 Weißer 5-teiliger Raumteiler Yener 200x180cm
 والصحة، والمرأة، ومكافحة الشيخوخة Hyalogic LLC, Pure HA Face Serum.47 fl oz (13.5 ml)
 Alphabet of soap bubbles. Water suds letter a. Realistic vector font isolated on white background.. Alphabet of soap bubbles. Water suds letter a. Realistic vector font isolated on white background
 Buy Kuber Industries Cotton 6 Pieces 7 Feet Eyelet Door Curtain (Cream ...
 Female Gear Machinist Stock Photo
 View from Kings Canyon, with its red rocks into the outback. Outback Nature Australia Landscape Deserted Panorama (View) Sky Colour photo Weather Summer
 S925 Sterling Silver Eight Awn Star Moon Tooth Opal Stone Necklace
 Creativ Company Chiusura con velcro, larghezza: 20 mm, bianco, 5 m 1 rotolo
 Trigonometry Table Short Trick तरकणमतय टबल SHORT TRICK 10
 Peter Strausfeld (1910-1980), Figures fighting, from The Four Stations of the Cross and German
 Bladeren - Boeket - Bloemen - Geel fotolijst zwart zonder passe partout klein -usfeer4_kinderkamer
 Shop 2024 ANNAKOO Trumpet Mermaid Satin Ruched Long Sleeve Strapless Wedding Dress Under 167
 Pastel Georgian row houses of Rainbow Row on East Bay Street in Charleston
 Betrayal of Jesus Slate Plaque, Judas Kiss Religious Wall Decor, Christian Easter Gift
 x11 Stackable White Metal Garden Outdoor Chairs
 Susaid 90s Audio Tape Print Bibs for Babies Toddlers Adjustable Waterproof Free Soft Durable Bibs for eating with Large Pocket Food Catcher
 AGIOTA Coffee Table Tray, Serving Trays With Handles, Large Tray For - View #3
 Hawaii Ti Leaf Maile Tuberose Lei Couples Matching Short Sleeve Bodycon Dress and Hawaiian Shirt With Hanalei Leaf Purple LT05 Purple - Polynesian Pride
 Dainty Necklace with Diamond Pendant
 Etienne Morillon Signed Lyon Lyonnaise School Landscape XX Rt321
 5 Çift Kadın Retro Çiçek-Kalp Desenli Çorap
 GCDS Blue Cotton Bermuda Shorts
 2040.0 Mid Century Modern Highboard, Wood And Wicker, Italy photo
★ ★ ★ ★ ★
▶ ACTIVITY:
Out of the material above, output word for word the line with "والصحة، والمرأة، ومكافحة", the line with "AGIOTA Coffee Table", and all lines between them, with nothing else.

▶ ANSWER AREA:
 والصحة، والمرأة، ومكافحة الشيخوخة Hyalogic LLC, Pure HA Face Serum.47 fl oz (13.5 ml)
 Alphabet of soap bubbles. Water suds letter a. Realistic vector font isolated on white background.. Alphabet of soap bubbles. Water suds letter a. Realistic vector font isolated on white background
 Buy Kuber Industries Cotton 6 Pieces 7 Feet Eyelet Door Curtain (Cream ...
 Female Gear Machinist Stock Photo
 View from Kings Canyon, with its red rocks into the outback. Outback Nature Australia Landscape Deserted Panorama (View) Sky Colour photo Weather Summer
 S925 Sterling Silver Eight Awn Star Moon Tooth Opal Stone Necklace
 Creativ Company Chiusura con velcro, larghezza: 20 mm, bianco, 5 m 1 rotolo
 Trigonometry Table Short Trick तरकणमतय टबल SHORT TRICK 10
 Peter Strausfeld (1910-1980), Figures fighting, from The Four Stations of the Cross and German
 Bladeren - Boeket - Bloemen - Geel fotolijst zwart zonder passe partout klein -usfeer4_kinderkamer
 Shop 2024 ANNAKOO Trumpet Mermaid Satin Ruched Long Sleeve Strapless Wedding Dress Under 167
 Pastel Georgian row houses of Rainbow Row on East Bay Street in Charleston
 Betrayal of Jesus Slate Plaque, Judas Kiss Religious Wall Decor, Christian Easter Gift
 x11 Stackable White Metal Garden Outdoor Chairs
 Susaid 90s Audio Tape Print Bibs for Babies Toddlers Adjustable Waterproof Free Soft Durable Bibs for eating with Large Pocket Food Catcher
 AGIOTA Coffee Table Tray, Serving Trays With Handles, Large Tray For - View #3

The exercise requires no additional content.